(Provided records begins)

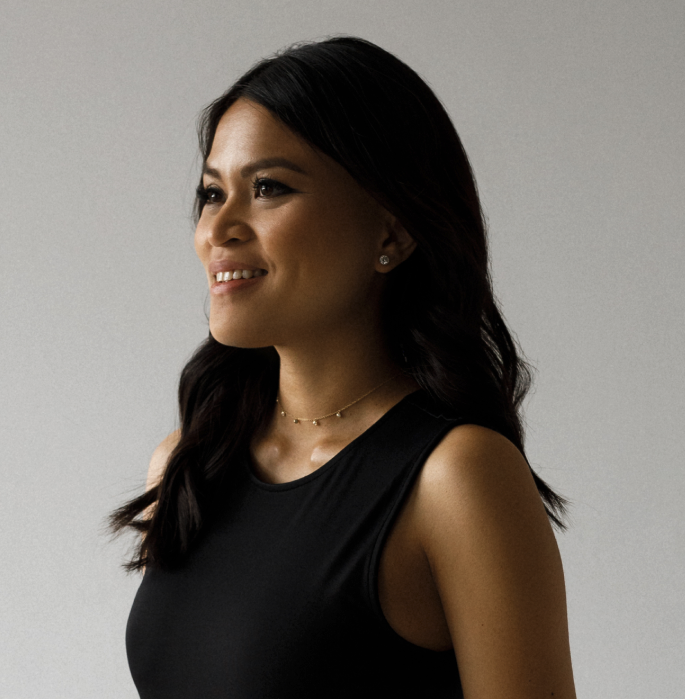 A woman with long dark hair wearing a black sleeveless top, a delicate gold necklace, and earrings, smiling slightly and looking to her left against a plain gray background.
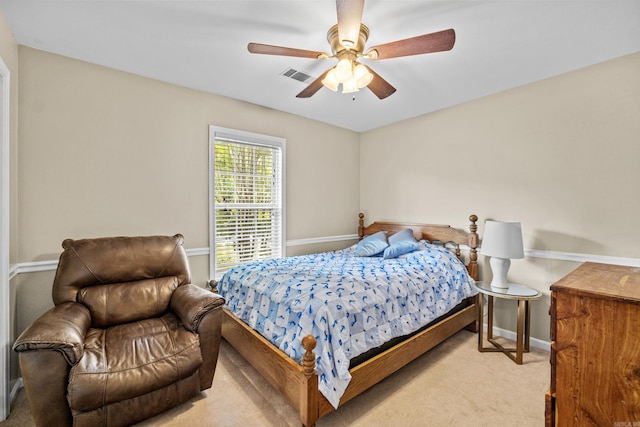 carpeted bedroom with baseboards and ceiling fan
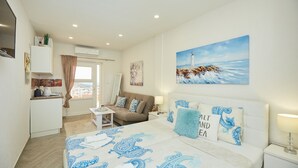 Habitación de hotel con cama, escritorio, sofá y un cuadro de un faro.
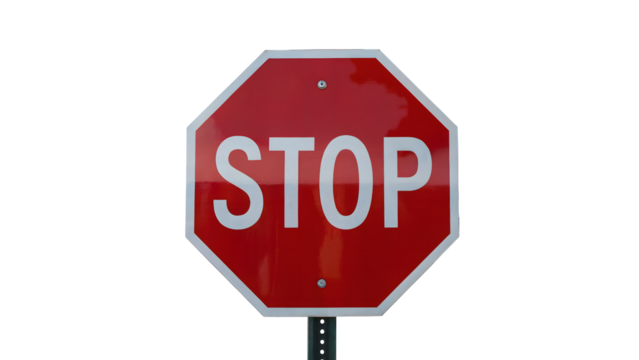 A close up of a red stop sign with white lettering on a pole against a black background in the day time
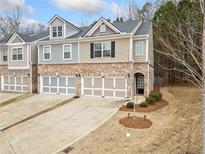 Charming townhome with brick accents, attached two-car garage, and well-maintained landscaping at 96 Trailview Lane Ln, Hiram, GA 30141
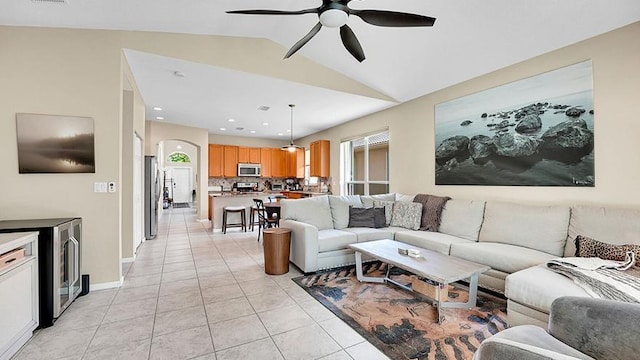 living room featuring beverage cooler, a ceiling fan, light tile patterned floors, and vaulted ceiling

(Provided records ends)

Problem requirements: Each record should be written out again exactly, though without its pictures.

Reply to the task:
 A woman with long dark hair wearing a black sleeveless top, a delicate gold necklace, and earrings, smiling slightly and looking to her left against a plain gray background.
 carpeted bedroom with baseboards and ceiling fan
 Habitación de hotel con cama, escritorio, sofá y un cuadro de un faro.
 A close up of a red stop sign with white lettering on a pole against a black background in the day time
 Charming townhome with brick accents, attached two-car garage, and well-maintained landscaping at 96 Trailview Lane Ln, Hiram, GA 30141
 living room featuring beverage cooler, a ceiling fan, light tile patterned floors, and vaulted ceiling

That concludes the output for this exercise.